> What the task requires
In the entries below, find each line bearing the string "OJMFLL" and copy it.

> The data
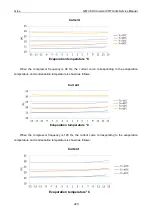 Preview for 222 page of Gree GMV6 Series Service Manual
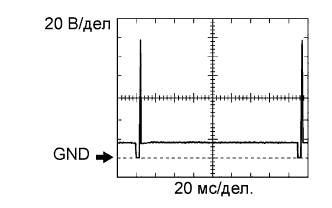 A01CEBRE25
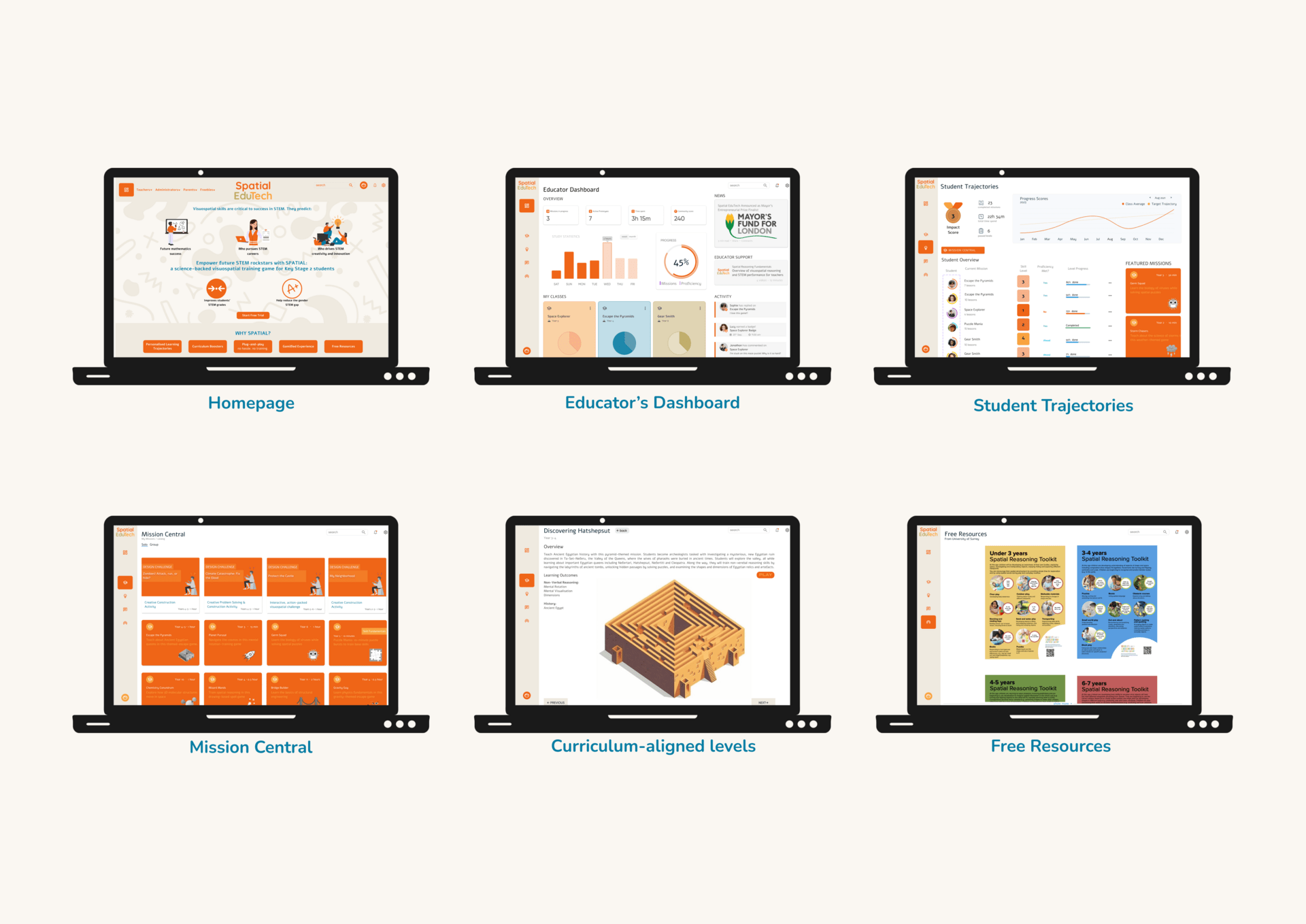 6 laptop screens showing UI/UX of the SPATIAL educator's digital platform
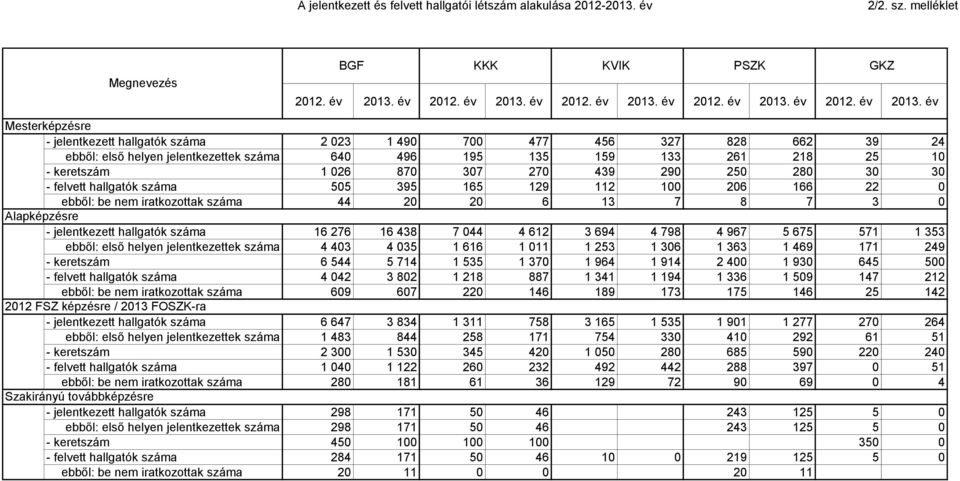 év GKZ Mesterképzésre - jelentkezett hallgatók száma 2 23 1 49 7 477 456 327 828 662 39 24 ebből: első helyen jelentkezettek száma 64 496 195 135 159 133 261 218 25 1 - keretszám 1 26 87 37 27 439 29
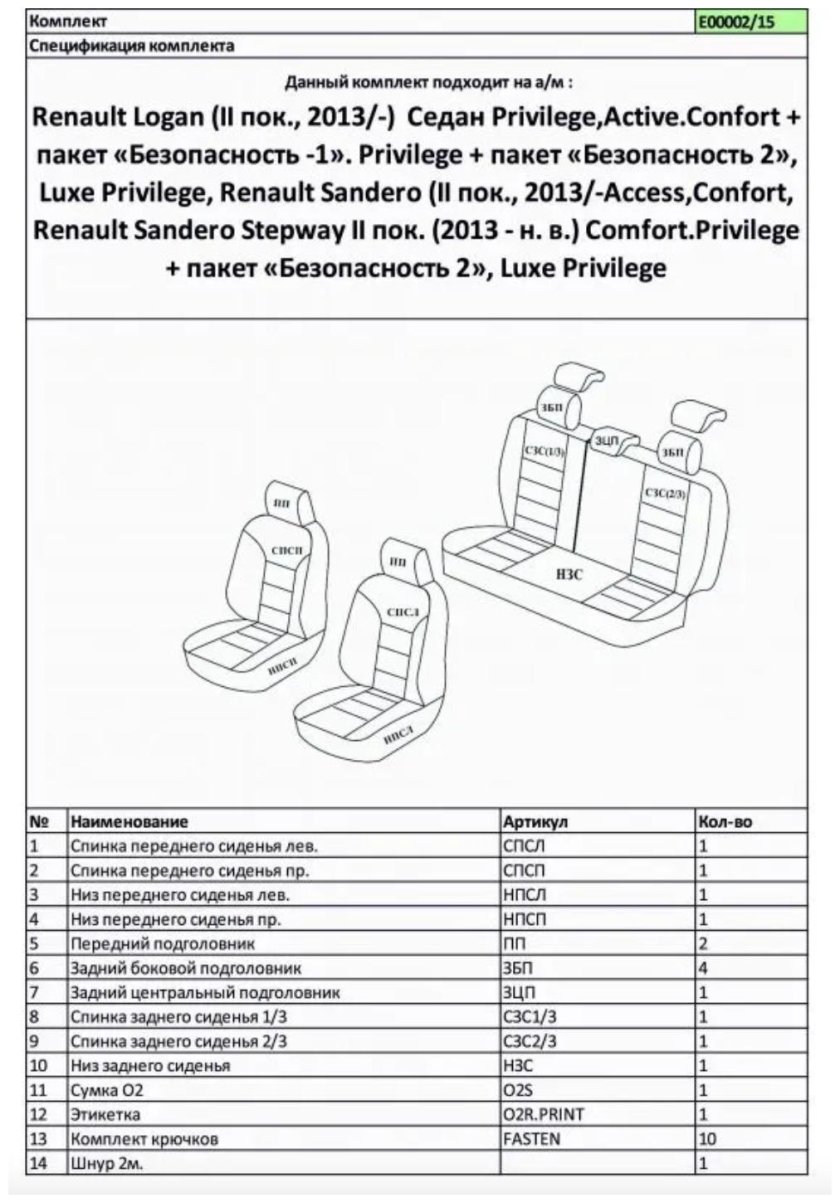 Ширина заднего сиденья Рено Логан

--

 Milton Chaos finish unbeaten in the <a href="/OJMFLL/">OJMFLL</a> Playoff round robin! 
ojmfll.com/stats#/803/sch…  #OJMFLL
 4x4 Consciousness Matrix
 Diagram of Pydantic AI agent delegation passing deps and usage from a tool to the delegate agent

---

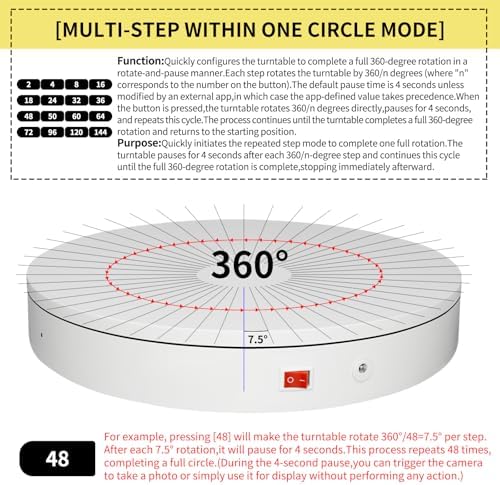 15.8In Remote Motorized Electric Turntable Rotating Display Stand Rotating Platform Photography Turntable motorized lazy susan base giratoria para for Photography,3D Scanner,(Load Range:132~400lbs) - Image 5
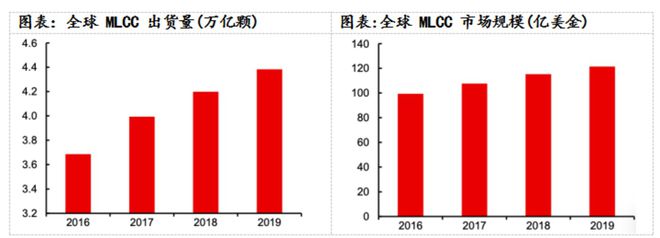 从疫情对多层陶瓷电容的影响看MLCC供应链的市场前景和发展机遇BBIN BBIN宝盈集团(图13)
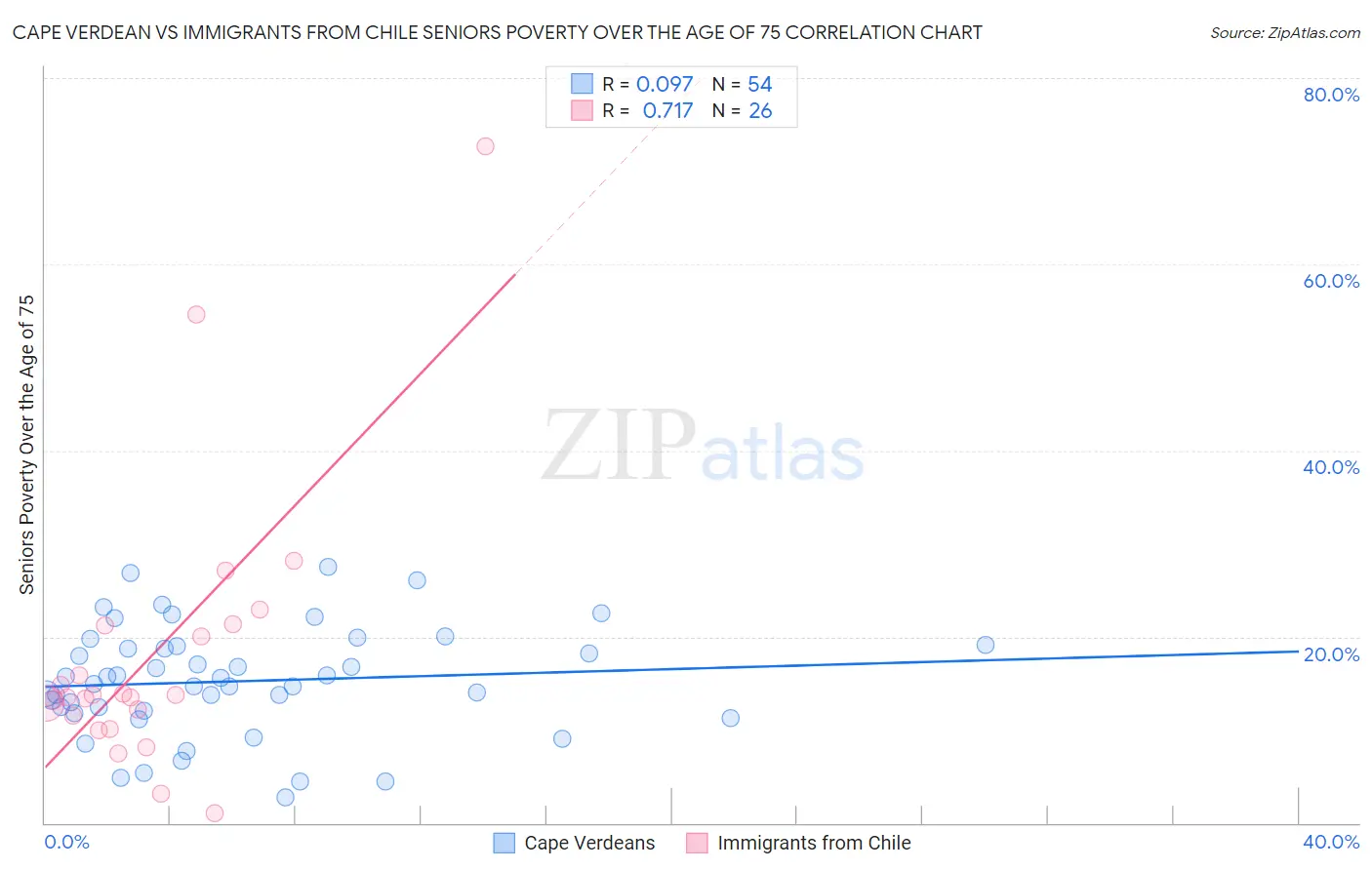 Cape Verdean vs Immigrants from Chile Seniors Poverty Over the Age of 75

> Your solution
 Milton Chaos finish unbeaten in the <a href="/OJMFLL/">OJMFLL</a> Playoff round robin! 
ojmfll.com/stats#/803/sch…  #OJMFLL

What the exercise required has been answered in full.